16 | DRINK PLENTY OF WATER
As it promotes health, drinking a lot of water is excellent for everyone, but it’s particularly crucial for dieting bodybuilders. High-protein diets are dehydrating (as are training and life in general). Bodybuilders have a greater need for fluids. The best option is water, which not only provides fluids with no calories, but also contains important minerals. Dieting bodybuilders should drink at least a gallon of water a day, in addition to other liquids they may consume.
17 | EAT FIBER
As with water, fiber is crucial for health and for dieting bodybuilders. Fiber provides several benefits. It helps provide satiety, a sense of fullness when you eat. It helps you more effectively digest protein and improves the functioning of your digestive system overall. It also helps block the absorption of some calories. Healthy bodybuilders should consume at least 30 g of fiber a day. On a diet, you might take it up to 40 g per day. Increase fiber consumption slowly to prevent digestive upset. For example, go from about 30 g to 32 or 33 g daily for a week before bumping up the amount again.
18 | INCREASE VEGETABLE AND FRUIT CONSUMPTION
Fruits and vegetables are high in fiber and in water. In addition, each fruit and vegetable provides a unique nutrient profile. Vegetables are particularly good for dieters because of their very low calorie counts. Fruits are relatively low in calories, but generally contain more carbs. While dieting, limit fruit consumption to a piece or two a day. Steamed vegetables, such as broccoli, cauliflower and spinach, are essentially “free foods” for dieters, and they can be eaten in large quantities throughout the day. You don’t need to count them against your total carb count.
EXERCISE YOUR OPTIONS
- Burning fat is not just a matter of diet and supplementation.
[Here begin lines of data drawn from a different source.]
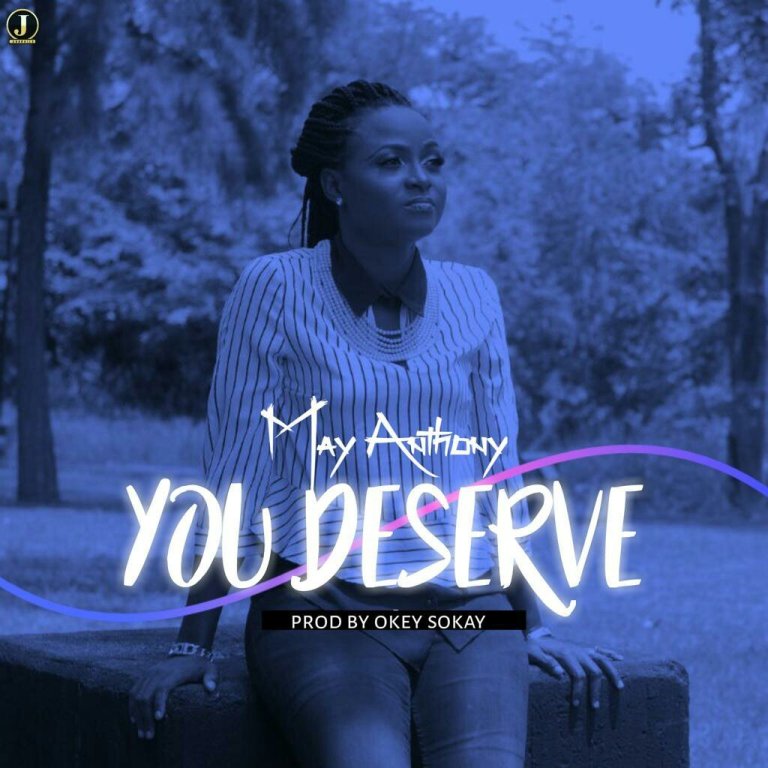 You Deserve By May Anthony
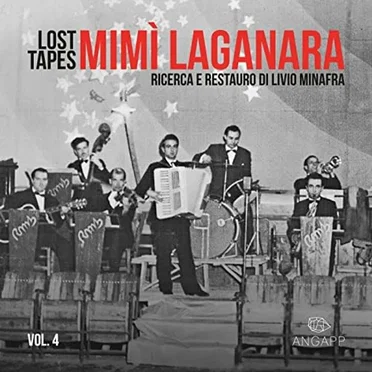 Lost Tapes Vol. 4: Mimì Laganara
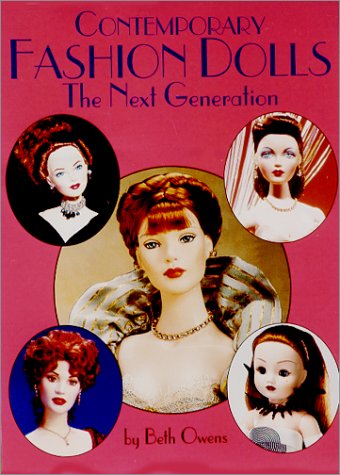 Contemporary Fashion Dolls: The Next Generation,Used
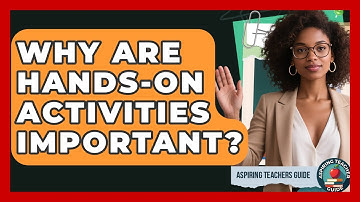 Why Are Hands-On Activities Important? - Aspiring Teacher Guide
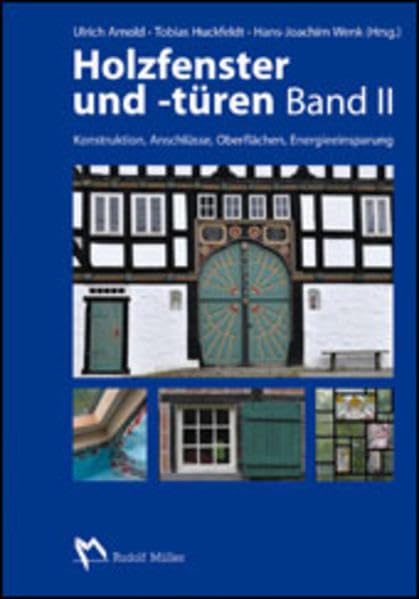 Holzfenster und -türen, Band II: Konstruktion, Anschlüsse, Oberflächen, Energieeinsparung Business & Technology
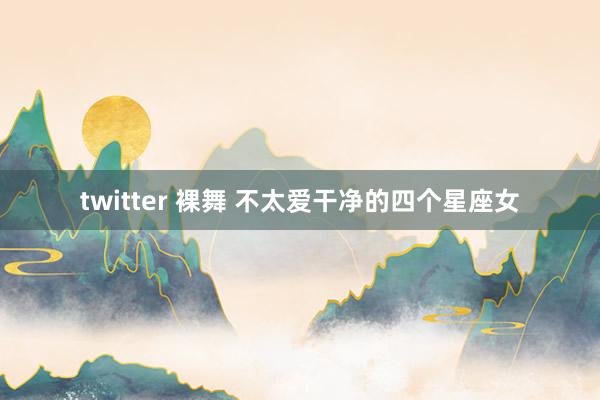 twitter 裸舞 不太爱干净的四个星座女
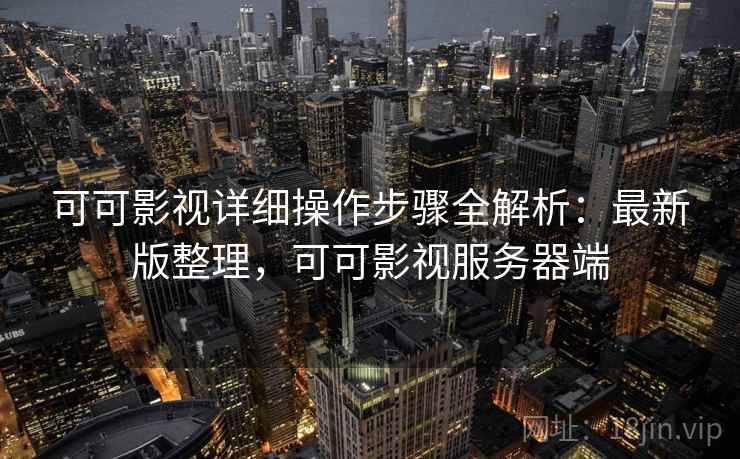 可可影视详细操作步骤全解析:最新版整理,可可影视服务器端 可可影视详细操作步骤全解析:最新版整理,可可影视服务器端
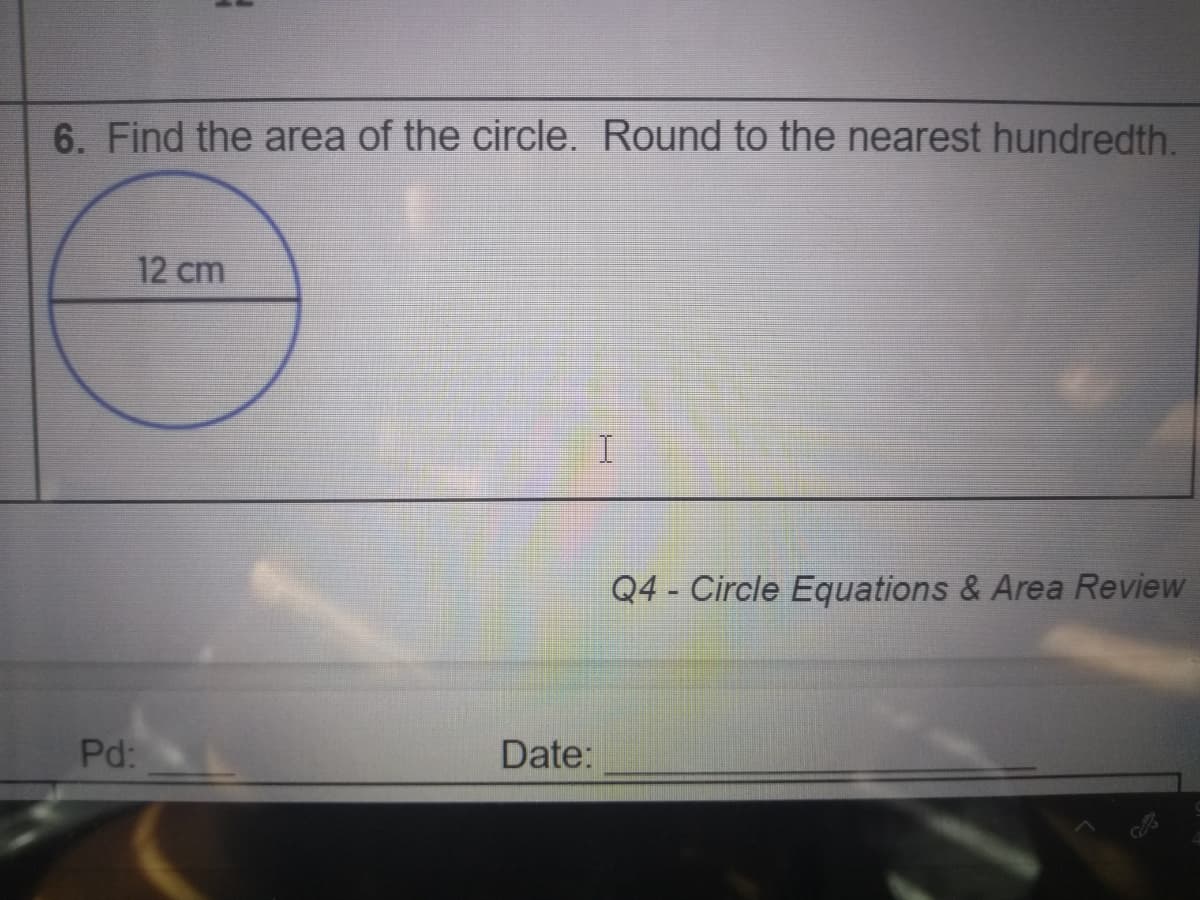 6. Find the area of the circle. Round to the nearest hundredth.
12 cm
Q4 - Circle Equations & Area Review
Pd:
Date:
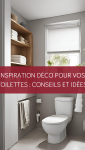 Inspiration déco pour vos toilettes : Conseils et idées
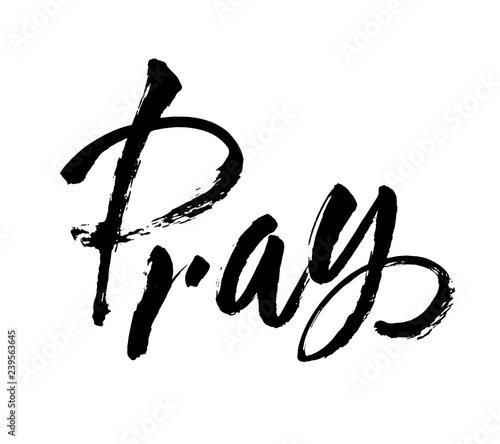 Vector. Hand lettering christian quote Pray. Hand drawn motivational quote. Ink illustration. Modern brush calligraphy. Isolated on white background. Can be used for prints, banner, label.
Calories always count, but there are two components to that equation: calories in and calories out. The number of calories you burn can be as important to reducing bodyfat levels as the number of calories you consume. Consider implementing the following exercise tips to rev up calorie burning to support your diet and supplementation strategies for burning bodyfat.
- Perform cardio in the morning on an empty stomach, or with about 6-10 g of amino acids or 10-20 g of whey protein isolate mixed in water. Your body needs to rely on its stores of bodyfat for energy to help you reduce efficiently.
- Split exercise into two sessions a day, revving up your metabolic rate twice a day. In addition, you are likely to burn more calories in two shorter sessions than in one longer session.
- Perform high reps and more sets. The more exercise you do, the more calories you burn, plain and simple.
- Consider performing whole-body workouts — train your entire body three or four times per week, doing one or two exercises per bodypart. You’ll boost your growth-hormone levels, helping to burn bodyfat. It will also increase your metabolism (and it will stay higher for up to two days after such a workout).